Buying a used car the data science way: Part 1

webscraping cars pricing r
Bryan Whiting
2017-02-18

[Update 2021-11-16] This analysis was originally written on my old blog here. You can find the source code for it here. This code no longer works as TrueCar changed their CSS to make it more difficult to scrape. It’s still possible, but you’d need to build a custom scraper from scratch.

This is part 1 out of a two-part series on scraping used car data. Check out part 2 to learn how to analyze the data.
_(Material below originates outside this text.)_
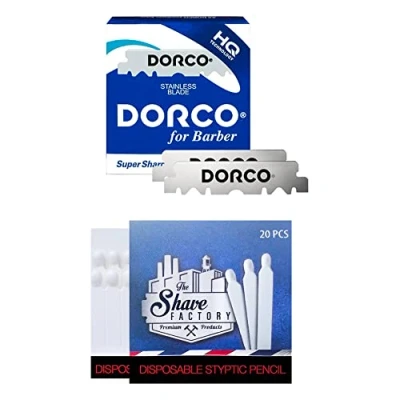 Afbeelding van Dorco 100 RVS Single Edge Razor Blades + 20 hemostatische lucifers Shave Factory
In another post, I describe how I use this data that I’ve scraped, but I wanted to provide a more in-depth tutorial for those interested in how I got the data. Note, this data belongs to Truecar, so all uses herein are for personal and academic reasons only.

Get the data

In order to do any good analaysis, you first need data. I prefer to have more data than less, where possible. In this case, I don’t have any data, so I use webscraping to get the data. There are much better tutorials on how to scrape data, so I’ll be light. I use R’s rvest package here, which does a decent job.1 Let’s look at Truecar’s Used Car postings2. First I use google to find the search query on Truecar that I like.

Load packages

library(rvest)
library(dplyr)
library(magrittr)
# Find the URL of the data you want to scrape
url <- 'https://www.truecar.com/used-cars-for-sale/listings/ford/edge/'
read_html(url)
## {xml_document}
## <html lang="en-US">
## [1] <head>\n<meta http-equiv="Content-Type" content="text/html; charset= ...
## [2] <body>\n    <!-- Element target for any partner code meant to execut ...
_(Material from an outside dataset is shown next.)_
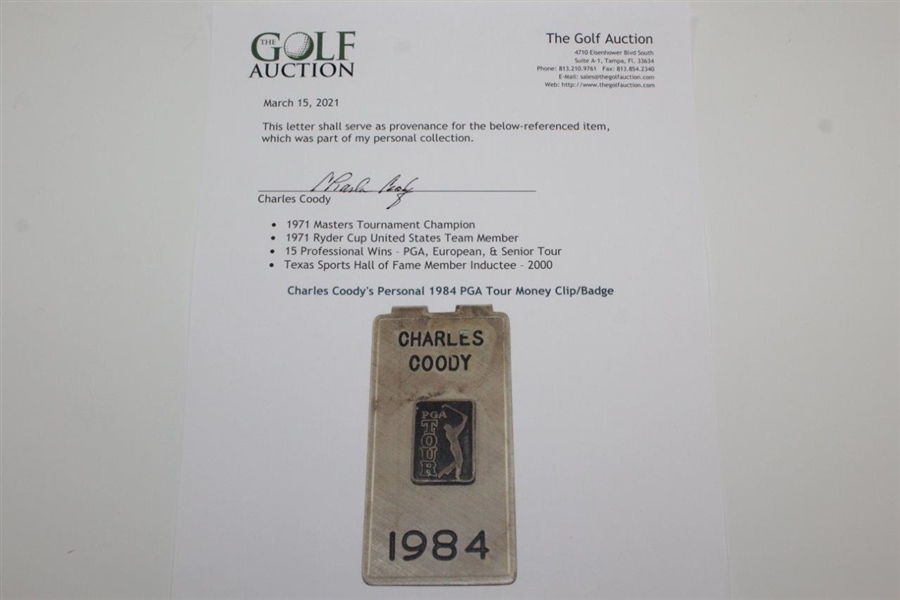 Charles Coody's Personal 1984 PGA Tour Money Clip/Badge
You’ll see there’s a head and a body. Our data’s in the body, so let’s use html_nodes() and html_text() to parse out the data we want. I used Selectorgadget to know what HTML classes to search for.
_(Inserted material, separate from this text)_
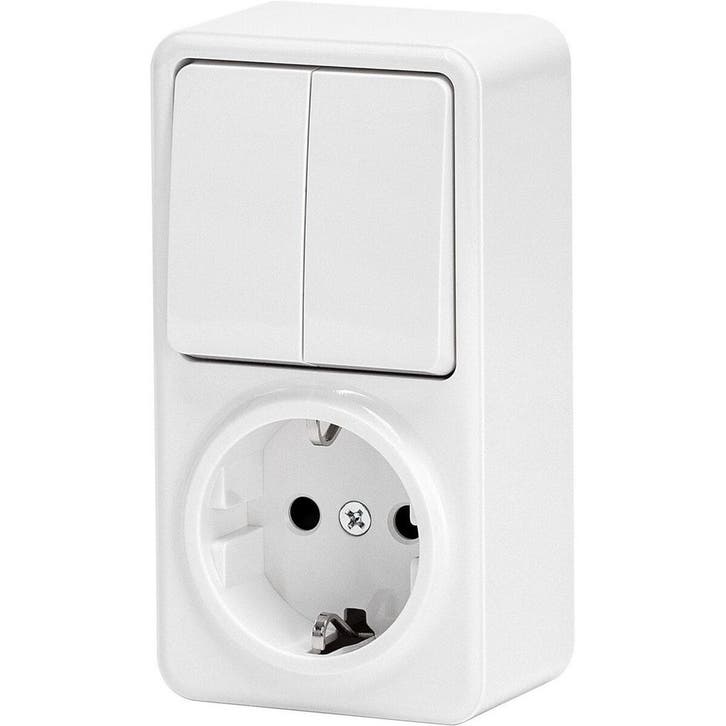 Wandcontactdoos Aigi Winy opbouw 2-voudig + stopcontact, Bricolage & Construction, Électricité & Câbles, Envoi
read_html(url) %>% html_nodes('.col-xs-6.col-sm-8.no-left-padding') %>% html_text()
## character(0)

So that’s how you get the data on a single page. If you look closer at the URL, you see a lot of helpful things. First, there’s the make, then the model, then the location-zip, then the year-range, and ultimately the trim. This is a very pretty and clean URL. If you click on a few additional pages, you’ll see the URL opens up with ?page=2.

https://www.truecar.com/used-cars-for-sale/listings/ford/edge/location-90210/?page=2

This is our ‘in’ to scraping multiple pages. I won’t bore you with the details of how to get that data into a neat matrix for us to analyze, but suffice it to say that I’m able to do it. Just build a function to construct a URL, and build a loop to go through the different pages, then use lots of str_extract() from the stringr package and gsub to clean up the data.

library(stringr)

make = 'ford'
model = 'edge'
zip = '90210'
year = 2012
npages = 5

url <- paste('https://www.truecar.com/used-cars-for-sale/listings/', 
             make, '/', 
             model ,
             '/location-', zip,
             '/year-',year,'-max/?page=', sep = "")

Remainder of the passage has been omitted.